Data Replication

What is data replication?

It is a way of storing data in multiple places and it is a fundamental building block of distributed systems. When data is stored in more than one place, it eliminates having a single point of failure. This increases availability and increases scalability and performance.

A screengrab of the Spongebob Squarepants episode 'Squilliam returns'. It shows many smaller SpongeBobs who are hard at work in Spongebob's brain.

Why is it challenging? This process requires keeping replicas consistent with each other even when failures happen.

How is this implemented?

One example of an algorithm that handles the heavy lifting is called Raft replication. It is a replication protocol that provides the strongest consistency guarantee.

State machine replication

The mechanism that Raft is based on is called state machine replication. Basically the idea is that a single process (leader) broadcasts operation that change its state to the followers (replicas).

In a perfect world, if the followers execute the same sequences of operations that the leader has, then each follower will end up in the same state. The problem is that these processes can fail at any time. The reason the algorithm is complex because fault tolerance needs to be taken into account.

Whenever a process receives an operation it will transition from one state to another. This process is modeled as a state machine. This is a pretty powerful tool to achieve fault tolerance. These processes keep track of the operations that alter state in a log. This log is what allows the state to be kept in sync across processes.

When a leader wants to apply an operation to its state:

First, it appends a new entry for the operation its log but doesn’t apply it to the state yet
Then it sends a request to each follower with the new entry
When the follower gets the request, it appends the entry to its own log (also don’t execute yet) then send a response the leader acknowledging the request
When the leader finds out that the majority of followers have received the message, then it finally executes the operation locally

Handling failures

A screengrab of the Spongebob Squarepants episode 'Squilliam returns'. It shows many smaller SpongeBobs that are surrounded by fire and chaos in Spongebob's brain.

What happens if the leader fails? A follower is elected as the new leader through an election process. A follower with an out of date log cannot win the election.

What happens if the update entry request can’t be delivered? The leader will retry sending it until the majority of the followers have successfully appended it to their logs.

Consistency models

We now know how Raft replicates the leader’s state to its followers.
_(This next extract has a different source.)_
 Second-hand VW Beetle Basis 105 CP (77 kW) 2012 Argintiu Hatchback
All operations that modify state have to go through the leader. What about reads? Reads can be done by the leader or follower. This increases throughput since the reads are not limited to a single process. The problem though is now that two different clients can potentially have a different view of the system’s state.
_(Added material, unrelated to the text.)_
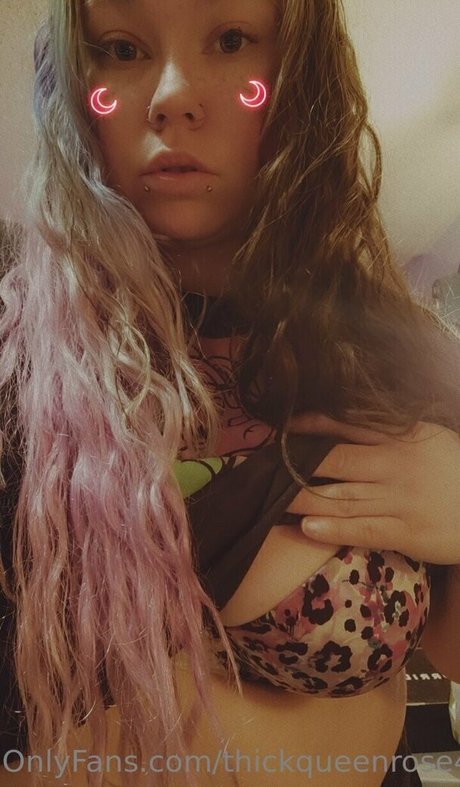 thickqueenrose420 beautiful actress pics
There is a tradeoff between how consistent the data is and the system’s performance and availabilty. Consistency models help us to define the possible views the observers have of the system state.

Strong consistency: Any read operation returns the latest data. This is usually achieved by forcing a replica not to accept new reads/writes until every replica has agreed on current write.
Weak consistency: The latest value might night be reflected in subsequent read operations
Eventual consistency: Given enough time, all updates are propagated, and all replicas are consistent.

I’ve only scratched the surface here but you can see that coordination adds complexity because the algorithms need to support failures. If the network was reliable, this would be so much easier.

You probably will never have to reinvent the wheel and implement distributed algorithms like state machine replication but I think it’s important to understand the basics. Abstractions are leaky and it helps to know what’s going on under the hood when issues arise.